Group delighted with media attention gained by risky demonstration
By Judith Lavoie
Canadian activists Sam Price (C) Melanie Raoul (L) and Kate Woznow pose with a Tibetan flag after arriving in Vancouver, British Columbia August 9, 2007. The three were part of several protestors arrested and later released by Chinese authorities after they unfurled a banner on the Great Wall protesting China's occupation of Tibet. REUTERS/Andy Clark (CANADA)
August 10 - Chinese police bombarded foreign protesters with questions, then told them the Canadian Embassy didn't want to see them after they were taken into custody this week, says one of the protesters.
Sam Price, 32, who grew up on Vancouver Island and now lives in Vancouver, was one of six protesters from Canada, the U.K. and U.S. arrested this week after rappelling down the Great Wall of China and unfurling a banner saying "One World, One Dream, Free Tibet."
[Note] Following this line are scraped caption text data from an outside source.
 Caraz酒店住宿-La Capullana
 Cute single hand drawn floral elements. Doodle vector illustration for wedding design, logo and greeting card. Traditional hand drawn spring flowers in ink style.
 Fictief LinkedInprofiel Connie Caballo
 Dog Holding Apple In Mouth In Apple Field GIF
Another two, including Lhadon Tethong, who was born and raised in Victoria and is now executive director of New York-based Students for a Free Tibet, were arrested in Beijing, where Tethong was writing a blog about the Chinese "propaganda campaign" leading up to the Beijing Olympic Games, which start next August.
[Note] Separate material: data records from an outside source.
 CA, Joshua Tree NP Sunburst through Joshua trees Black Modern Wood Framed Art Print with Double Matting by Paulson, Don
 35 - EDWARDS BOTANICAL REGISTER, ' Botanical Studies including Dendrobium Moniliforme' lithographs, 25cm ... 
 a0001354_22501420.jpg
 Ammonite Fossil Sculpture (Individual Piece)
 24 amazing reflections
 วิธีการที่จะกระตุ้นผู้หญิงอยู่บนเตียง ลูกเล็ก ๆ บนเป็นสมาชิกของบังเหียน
Price, interviewed shortly after landing in Vancouver yesterday afternoon, said the protesters remained on the Great Wall for two hours but decided to come down when someone tried to burn the rope holding Canadian Melanie Raoul.
"We realized we had better come down of our own accord," he said.
The group was held for about 32 hours by the Public Security Bureau -- government police -- and was first taken to an office building, then transferred to a village police station before being moved to Beijing, Price said.
"They denied us any contact with our embassy. They told us we had no rights to see anyone and then they told us the embassy didn't want to see us. The embassy did want to see us, but they lied to us," he said.
When the protesters refused to answer questions until they met with an embassy representative, the interrogators became visibly annoyed, Price said.
Sam Price is presented with traditional Tibetan kata upon arriving at Vancouver International Airport, Thursday, Aug. 9, 2007. (AP PHOTO/CP, Richard Lam)
"In some ways I was worried, but I realized, as Canadians, we have distinct privileges over the Tibetans. The physical risks they take are enormous," he said.
Price, who said his first priority is getting some sleep, does not know if he will be able to return to China, but said the battle to free Tibet will continue.
"I really think if we continue, things will change. I wouldn't have risked it if I didn't think that."
Tethong flew into Toronto, where she was greeted by her family, including parents Judy and TC Tethong of Victoria.
"It feels fantastic. I will never look at the ground in exactly the same way again," she said.
Tethong said the protesters accomplished their aim of putting Tibet on centre stage, but admits to being fearful as she was "intensely followed" around Beijing.
"I tried to put it in perspective, but the night before we were taken, I didn't put on my pyjamas because I was so convinced they were coming," she said. "We knew we were going there causing trouble, but we had a job to do."
Police told her China was no different from Canada, and that going to Canada to talk about Quebec separation would be illegal.
Tethong said she assured police anyone could discuss politics in Canada, provided they didn't threaten violence.
Tethong also asked to see someone from the embassy, but was told it was not necessary because she had not been arrested.
Kathy Nikeefe, spokeswoman for Students for a Free Tibet, said the group is thrilled with media coverage that has turned the spotlight on China's human-rights record in Tibet.
China claims Tibet has been its territory for centuries, but many Tibetans say they were self-ruled for most of that period. Chinese communist troops occupied Tibet in 1951, and Beijing continues to rule the Himalayan region with a heavy hand.
Students for a Free Tibet has 650 chapters in 35 countries around the world.